Additionaly, elephant dung is a food source for dung beetles and a variety of birds, which in turn nourish the soil and provide a seed dispersal mechanism for many tree and other plant species. In the dry months, elephant tusks are the ploughs used to dig through the soil  or sand of dry riverbeds to access water, which is then available to all other water-dependent species. In dense forests, they enlarge and enhance openings containing mineral lick sites, or “baies”, that become a gathering point for a wide range of other species. Their large size creates pathways, as they move through thickets, for other smaller species like impala to follow and even for humans when making their way through the African landscape.

However, the high level of landscape fragmentation from human urban and agricultural encroachment, fencing and road networks, as well as intrusive natural resource manipulation, such as the provisioning of artificial dams, impacts negatively on the movement patterns of elephants and consequently on the integrity of their wild habitats. When normal movements are blocked, elephants’ foraging effects become intensified, leading to habitat degradation and loss of biodiversity. Conservation of African landscapes requires that corridors for movement between protected habitats are kept open for elephants and other species, so that populations can disperse, self-regulate and respond to the challenges posed by extreme events, such as periodic droughts. These events are likely to grow more severe and unpredictable, as climate change takes hold.

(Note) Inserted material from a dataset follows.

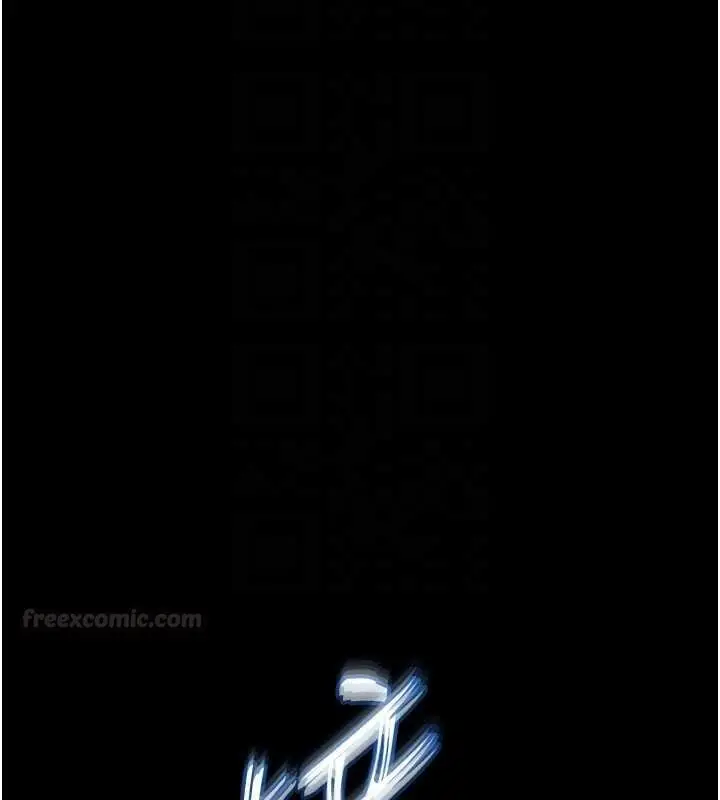 漫画《末日雕堡》最终话第112张图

Overall, the role of elephants in African landscapes is to increase and help support biodiversity, from mites to mammals. In this way, the African elephant is seen as an ‘umbrella species’: to maintain viable populations for their conservation requires protecting and sustaining large areas of intact and connected habitat that support millions of other species. Elephants have vast ranges and require large, interconnected areas including intact, functioning ecosystems to maintain their populations. When we protect elephants, we ultimately protect many other species and the natural environment as a whole, while adding a further, significant weapon to our fight to stop and reverse climate change.

There is also increasing evidence that elephants play an even more important role in ecosystem function, that of climate change mitigation in the form of carbon storage. Research in central Africa suggests that forest elephants are essential for maintaining higher levels of tree biomass, and thus greater amounts of carbon locked up in their trunks and canopies. In savanna regions, it has been shown that foraging by elephants significantly increases the storage of carbon and nitrogen in soils, where these have been depleted by other herbivores, notably cattle.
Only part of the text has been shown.